= Emergency Committee for Israel =

American political advocacy organization

The Emergency Committee for Israel is a right-wing nonprofit political advocacy organization in the United States.

== Founding and organization ==
The group's board members include Weekly Standard editor William Kristol, former Republican presidential candidate Gary Bauer, and former member, conservative writer Rachel Abrams, wife of Elliott Abrams. Noah Pollak is its executive director.

Kristol said the group, created in mid-2010, was inspired by the new "liberal" J Street group, "whose ability to amplify criticism of the Israeli government showed the power of a small new group—if on the other side of the debate." Pollak said, shortly after the group's creation, that it planned to be involved in a number of congressional races. "We want to be hard-hitting; we want to get into the debate and shake things up and make some points in a firm way", he said.

== Activities ==
As it started up, the organization ran ads opposing the elections of U.S. Senate candidate Joe Sestak and U.S. House of Representatives candidates Rush D. Holt, Jr., Mary Jo Kilroy, and John F. Tierney, portraying them as "openly hostile" to Israel.
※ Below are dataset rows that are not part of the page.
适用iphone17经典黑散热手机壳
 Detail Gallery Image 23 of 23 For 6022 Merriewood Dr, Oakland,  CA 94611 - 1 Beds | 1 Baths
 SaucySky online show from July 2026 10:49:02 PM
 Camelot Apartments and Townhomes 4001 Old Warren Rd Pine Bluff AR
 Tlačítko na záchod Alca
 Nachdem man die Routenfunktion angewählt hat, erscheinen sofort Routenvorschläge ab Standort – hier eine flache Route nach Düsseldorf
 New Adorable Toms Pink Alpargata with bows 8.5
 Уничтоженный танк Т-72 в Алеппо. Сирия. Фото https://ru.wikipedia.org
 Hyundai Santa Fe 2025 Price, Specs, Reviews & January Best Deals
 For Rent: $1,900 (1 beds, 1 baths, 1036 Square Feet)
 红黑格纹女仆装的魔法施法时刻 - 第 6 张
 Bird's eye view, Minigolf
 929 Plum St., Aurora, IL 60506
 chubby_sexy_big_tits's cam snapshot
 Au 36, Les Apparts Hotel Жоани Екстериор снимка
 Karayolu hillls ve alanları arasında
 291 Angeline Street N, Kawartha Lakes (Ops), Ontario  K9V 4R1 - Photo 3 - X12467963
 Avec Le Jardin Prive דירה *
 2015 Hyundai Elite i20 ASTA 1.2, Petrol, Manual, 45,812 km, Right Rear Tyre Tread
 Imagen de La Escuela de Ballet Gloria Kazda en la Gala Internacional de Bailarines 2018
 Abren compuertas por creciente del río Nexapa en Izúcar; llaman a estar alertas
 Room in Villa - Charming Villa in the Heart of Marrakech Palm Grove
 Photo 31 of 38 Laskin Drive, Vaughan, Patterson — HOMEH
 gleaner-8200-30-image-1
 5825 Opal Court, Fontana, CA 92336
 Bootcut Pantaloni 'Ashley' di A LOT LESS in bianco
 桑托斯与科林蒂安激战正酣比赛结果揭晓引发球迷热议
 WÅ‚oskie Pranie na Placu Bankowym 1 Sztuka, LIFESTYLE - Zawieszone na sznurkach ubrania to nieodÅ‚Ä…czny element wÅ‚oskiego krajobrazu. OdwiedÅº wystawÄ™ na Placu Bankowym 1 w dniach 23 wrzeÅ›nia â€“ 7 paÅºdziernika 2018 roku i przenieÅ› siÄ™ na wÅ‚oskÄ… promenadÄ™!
In October 2011, the committee produced a video portraying Occupy Wall Street as antisemitic. The Washington Post columnist Richard Cohen referred to the video and said he found no evidence of antisemitism during his two visits to the demonstration site.

In February 2012, the committee produced a 30-minute documentary covering President Barack Obama's record on Israel. The documentary was viewed 200,000 times in its first week.

In June 2012, the committee ran an ad encouraging the US Government to immediately put an end to Iran's nuclear program. The ad ran in New York; Washington, DC; and additional markets.

In October 2012, the group released a robo-call which combined clips of Obama from 2009 and 2011 and a clip from a speech Benjamin Netanyahu gave in 2012, in a form that appeared as if the two were having a debate. Pollak said that month that his group would release further "secret Obama–Netanyahu debate recordings".

In January 2013, the grouped launched a site opposing the nomination of Chuck Hagel as Secretary of Defense.